172 Iowa 182 | Iowa | 1915
II. Appellant, while admitting that a judgment in rem was entered against the principal defendant, broadly contends that such judgment will not sustain a garnishment, and that the judgment must be in personam and not in rem. Whatever the rule in other states, this is not the rule here. Non-residence is one of the reasons for an .attachment in this state, and as garnishment is simply a form of attachment, the presence of a debtor in this state as an actual resident is sufficient to support an action aided by attachment in the' proper county against a nonresident debtor. See Code, §§ 3878, 3897, 3935 and 3946. Also Woodward v. Adams, 9 Iowa 474, and McDonald & Co. v. Moore, 65 Iowa 171. As the proceeding must be in rem where the judgment defendant is a nonresident, it follows that such a' judgment is ample support for a judgment against a garnishee. Willard v. Sturm, 96 Iowa 555.
“As is said in Green v. Van Buskirk, 7 Wall, 139, attachment laws ‘necessarily assume that property has a situs entirely distinct from the owner’s domicile.’ ‘The plaintiff occupies, as against the garnishee, the position of the defendant, with no more rights than the defendant had, and liable to be met by any defense which the garnishee might make against an action by the defendant.’ Daniels & Co. v. Clark, 38 Iowa 556. And we think if the defendant, Rollins, could have maintained an action against the appellant in this state for the recovery of his wages, it follows that the debt was within this state, and subject to attachment. Whether he could have maintained such action does not depend upon the question as to the custom to make payment in Nebraska, but whether appellant was subject to the jurisdiction of the courts of this state, which we will now proceed to consider. ’ ’
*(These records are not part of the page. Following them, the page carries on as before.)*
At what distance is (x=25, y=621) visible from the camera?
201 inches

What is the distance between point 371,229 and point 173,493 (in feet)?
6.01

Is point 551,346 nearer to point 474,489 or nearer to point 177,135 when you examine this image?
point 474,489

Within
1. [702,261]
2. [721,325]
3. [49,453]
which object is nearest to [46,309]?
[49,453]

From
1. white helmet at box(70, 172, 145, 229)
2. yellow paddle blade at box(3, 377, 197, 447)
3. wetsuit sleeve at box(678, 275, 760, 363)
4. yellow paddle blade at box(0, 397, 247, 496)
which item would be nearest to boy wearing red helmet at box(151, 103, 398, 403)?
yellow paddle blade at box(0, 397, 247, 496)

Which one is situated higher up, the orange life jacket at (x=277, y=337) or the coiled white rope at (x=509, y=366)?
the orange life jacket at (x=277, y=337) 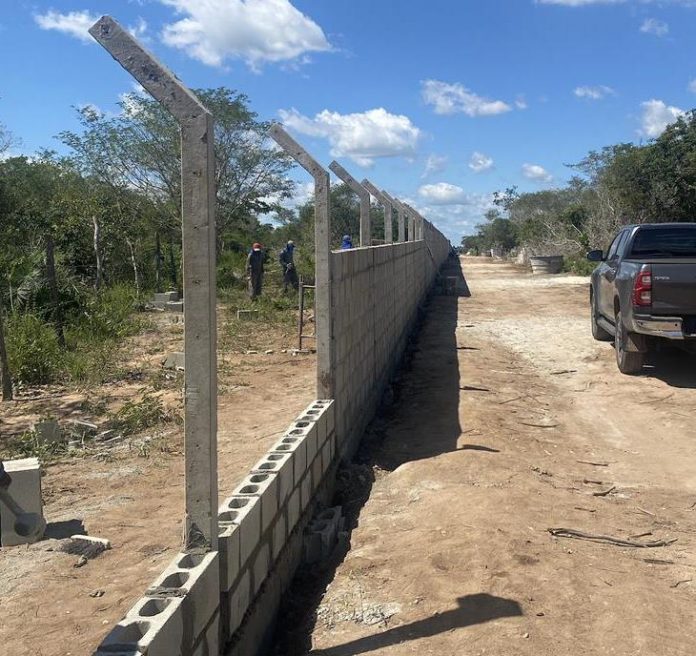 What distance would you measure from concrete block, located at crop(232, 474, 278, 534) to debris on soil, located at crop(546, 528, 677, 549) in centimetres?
164

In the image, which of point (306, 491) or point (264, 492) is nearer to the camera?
point (264, 492)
See, also, Rood on Attachments, Garnishments, etc., pp. 237, 242, 243, 244, 245 and 246.
Courts will, however, save the garnishee from a double liability whenever such seems to be the result of a particular case. See Chicago, B. & Q. R. Co. v. Moore (Nebr.), 48 N. W. 475. No other questions going to the jurisdiction of the court are presented and, as there is no merit in either of the ones relied upon for a reversal, the judgment must be and is — Affirmed.